- _EXERCISE DETAILS_: Nothing outside the range is to be copied. From the entries below, reproduce exactly the lines starting at the one with "Toalla de playa Fouta" and ending at the one with "OXO Good Grips", without pictures.

[[ SUPPLIED ENTRIES open ]]

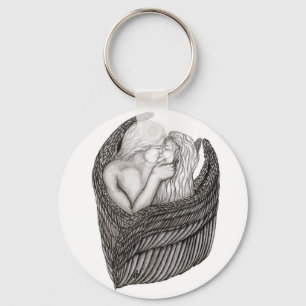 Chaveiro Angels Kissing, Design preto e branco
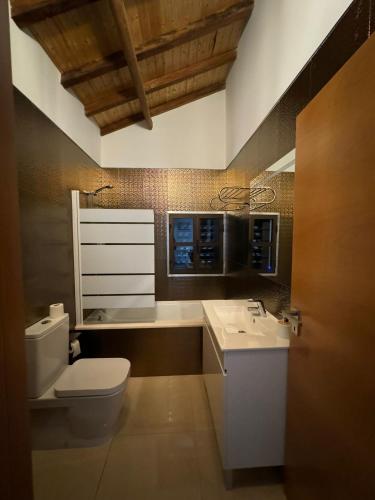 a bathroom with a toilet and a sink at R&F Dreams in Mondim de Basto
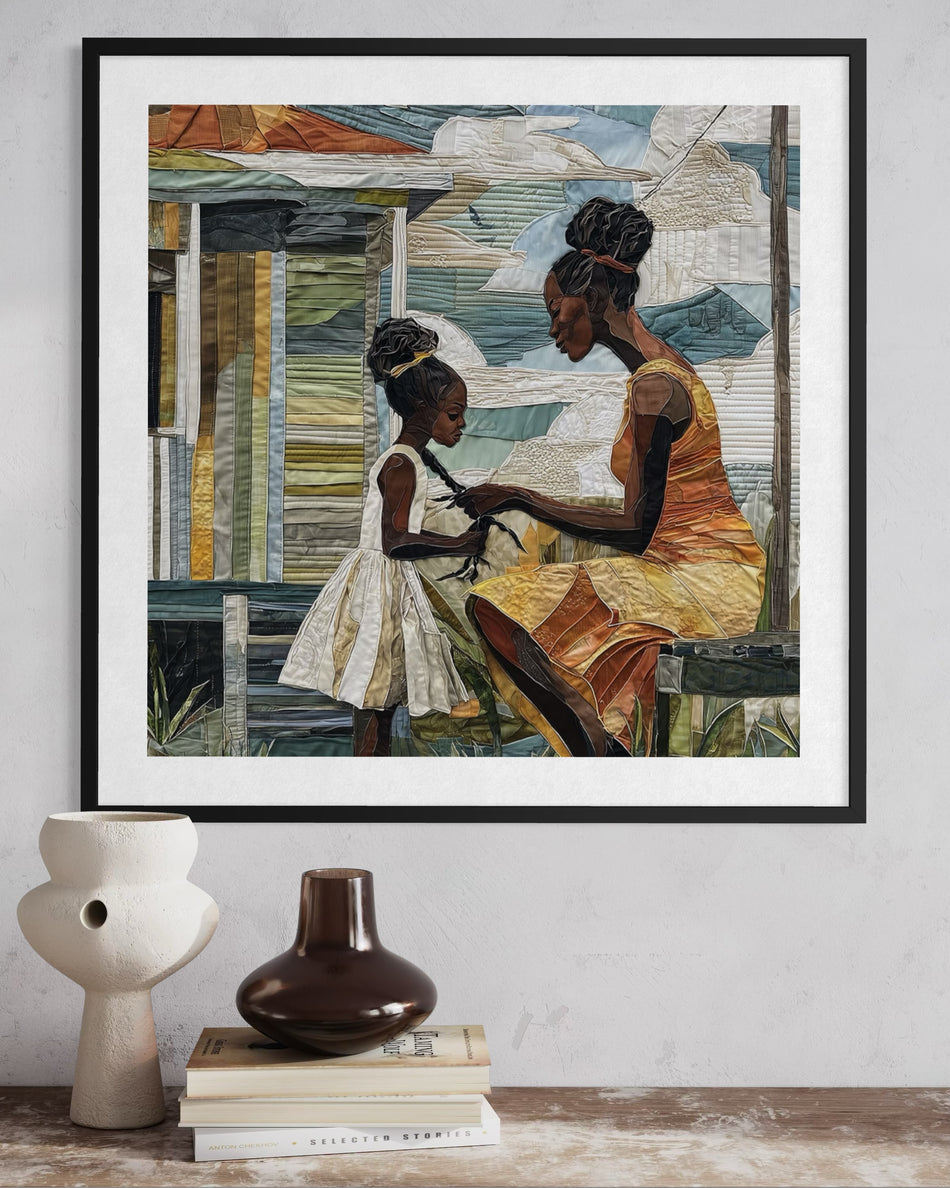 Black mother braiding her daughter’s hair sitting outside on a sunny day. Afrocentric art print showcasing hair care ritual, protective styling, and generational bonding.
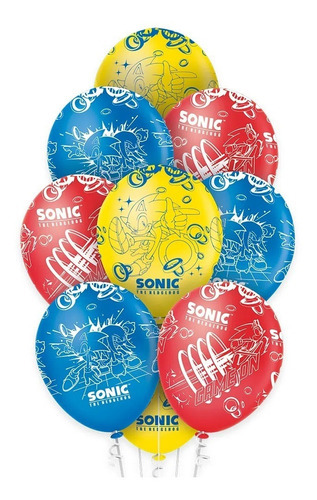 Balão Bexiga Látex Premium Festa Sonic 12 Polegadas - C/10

[[ SUPPLIED ENTRIES closed ]]
[[ SUPPLIED ENTRIES open ]]

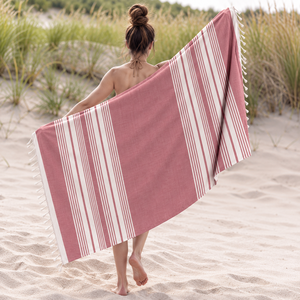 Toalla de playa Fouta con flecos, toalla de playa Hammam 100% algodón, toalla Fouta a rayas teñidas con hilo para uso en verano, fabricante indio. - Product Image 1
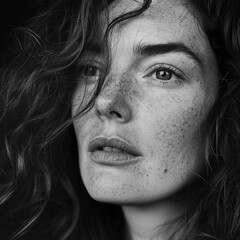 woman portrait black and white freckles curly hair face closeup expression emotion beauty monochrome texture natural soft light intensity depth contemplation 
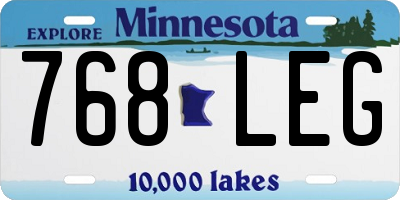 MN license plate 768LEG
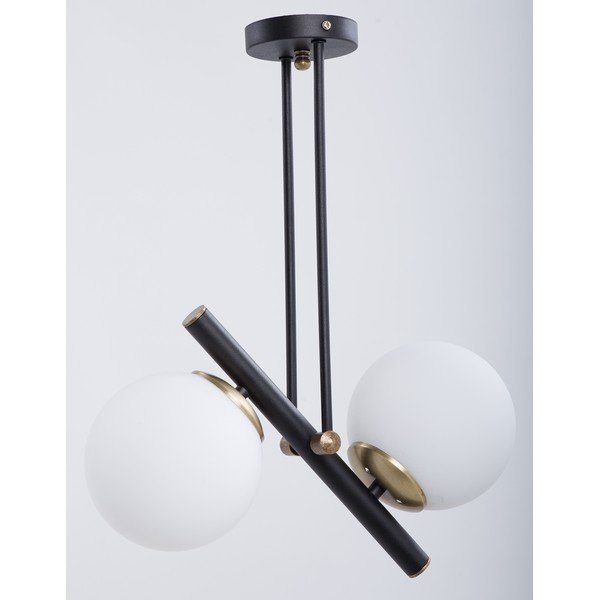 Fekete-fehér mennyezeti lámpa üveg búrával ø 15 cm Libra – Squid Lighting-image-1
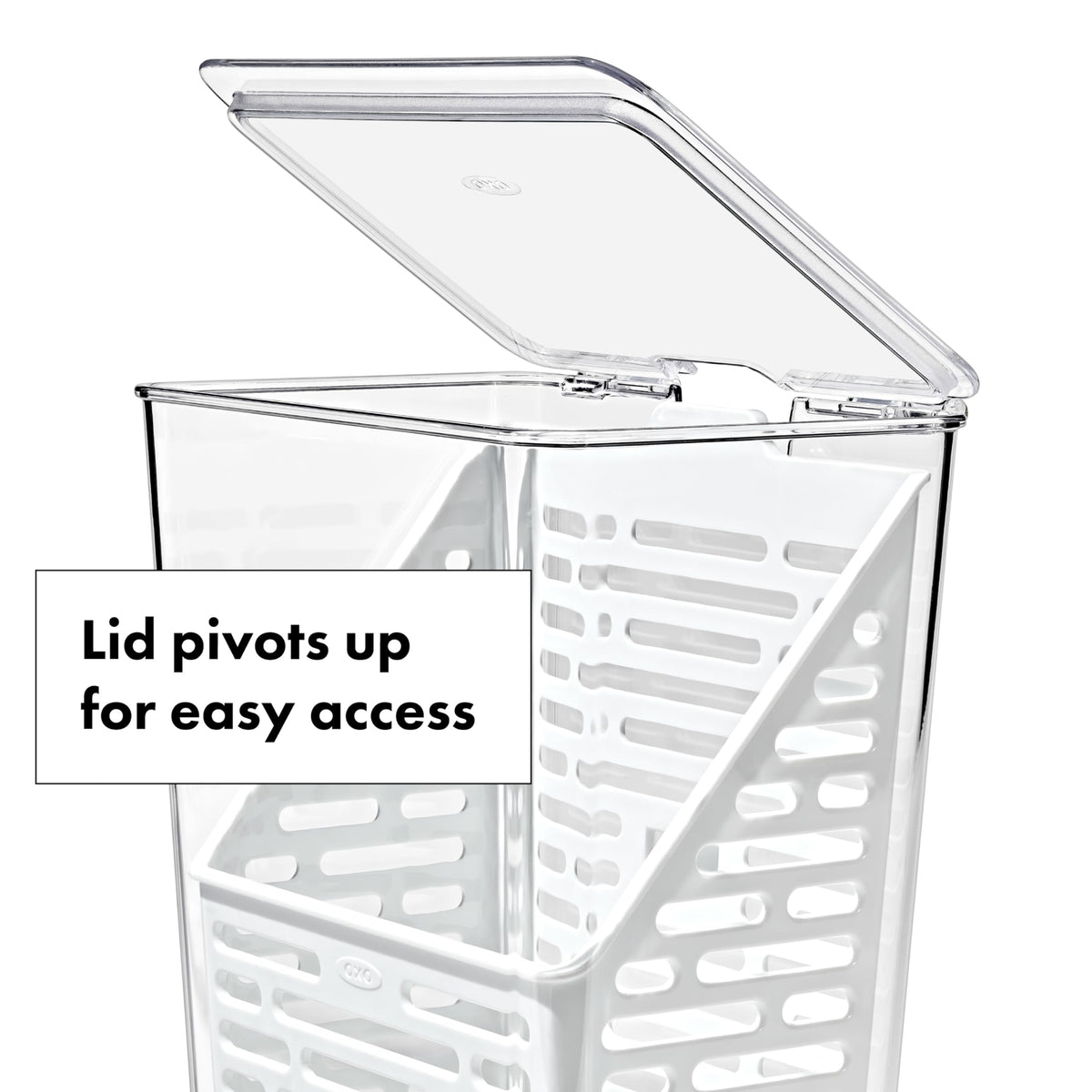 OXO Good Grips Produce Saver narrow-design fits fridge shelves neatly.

[[ SUPPLIED ENTRIES closed ]]
[[ SUPPLIED ENTRIES open ]]

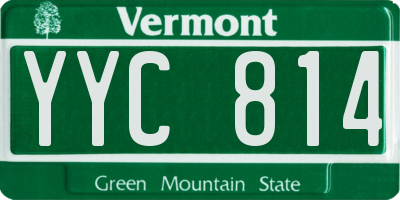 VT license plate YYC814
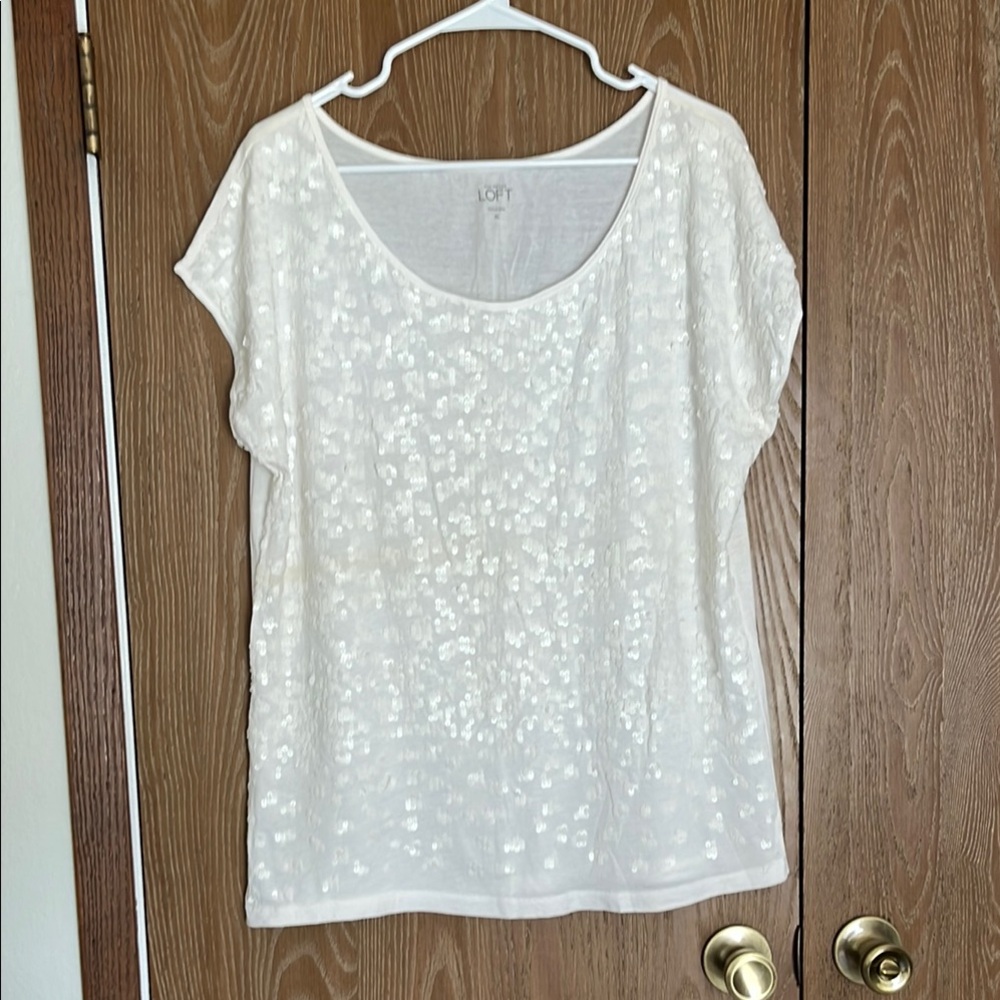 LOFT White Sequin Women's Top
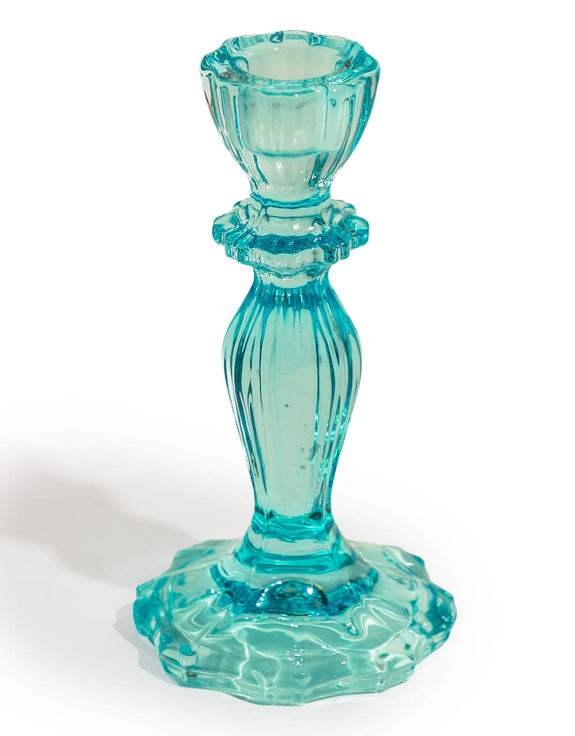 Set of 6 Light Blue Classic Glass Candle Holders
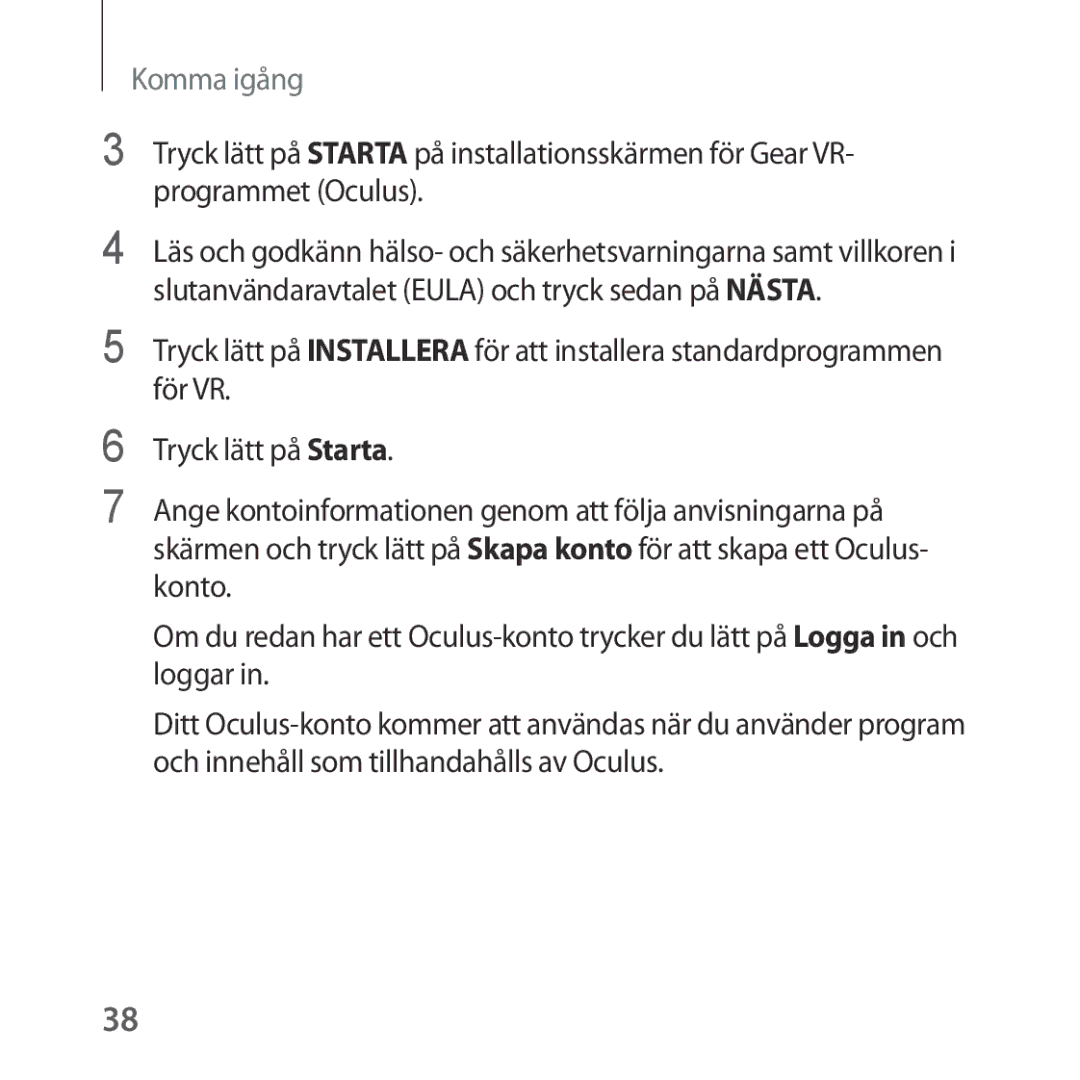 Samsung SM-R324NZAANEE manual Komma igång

[[ SUPPLIED ENTRIES closed ]]

- _ANSWER FOR THE TASK_:
 Toalla de playa Fouta con flecos, toalla de playa Hammam 100% algodón, toalla Fouta a rayas teñidas con hilo para uso en verano, fabricante indio. - Product Image 1
 woman portrait black and white freckles curly hair face closeup expression emotion beauty monochrome texture natural soft light intensity depth contemplation 
 MN license plate 768LEG
 Fekete-fehér mennyezeti lámpa üveg búrával ø 15 cm Libra – Squid Lighting-image-1
 OXO Good Grips Produce Saver narrow-design fits fridge shelves neatly.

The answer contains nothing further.